■ **Goal of the exercise**: Your answer must be an exact copy of the data below, minus any pictures.

[Saved data entries]
========
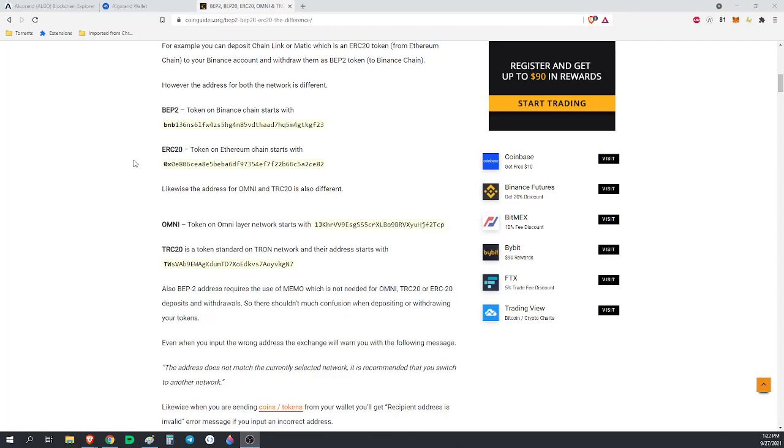Except an ASA is on the Algorand network. There's also BEP2 on the Binance network, TRC20 on the Tron network - it's the same thing as any of those, just on the Algorand network. As such, living on the Algorand network, it inherits all the properties from Algorand.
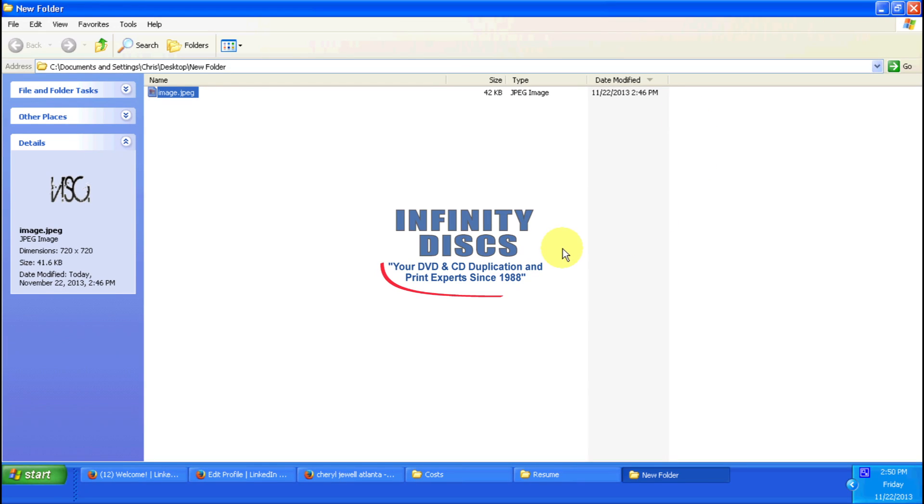Chris Dwyer with Infinity Discs. Today I'm going to show you how to check a JPEG's DPI or Dots per inch. Basically, it shows you the resolution of a particular file.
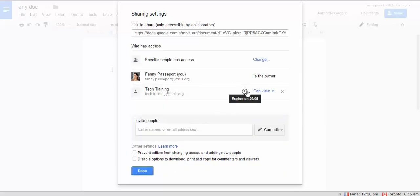After this date, on the 29th, the person will not have access anymore.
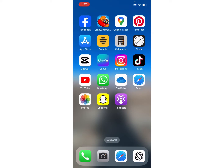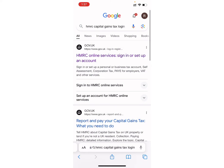Firstly, do make sure that you have a stable internet connection on your device. After that, open any browser you have on your device. For example, I will use Safari. Now search for the HMRC tax login on the search bar.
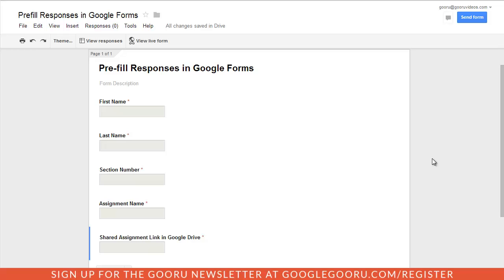Hey everyone, welcome back to Google Guru. Today I'm going to go over a really quick tip for Google Forms that allows you to pre-fill responses. This is definitely useful for people in a number of different industries, but I found that teachers and people in the edu community are heavy users of Google Forms.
========
■ **Solved exercise**:
Except an ASA is on the Algorand network. There's also BEP2 on the Binance network, TRC20 on the Tron network - it's the same thing as any of those, just on the Algorand network. As such, living on the Algorand network, it inherits all the properties from Algorand.
Chris Dwyer with Infinity Discs. Today I'm going to show you how to check a JPEG's DPI or Dots per inch. Basically, it shows you the resolution of a particular file.
After this date, on the 29th, the person will not have access anymore.
Firstly, do make sure that you have a stable internet connection on your device. After that, open any browser you have on your device. For example, I will use Safari. Now search for the HMRC tax login on the search bar.
Hey everyone, welcome back to Google Guru. Today I'm going to go over a really quick tip for Google Forms that allows you to pre-fill responses. This is definitely useful for people in a number of different industries, but I found that teachers and people in the edu community are heavy users of Google Forms.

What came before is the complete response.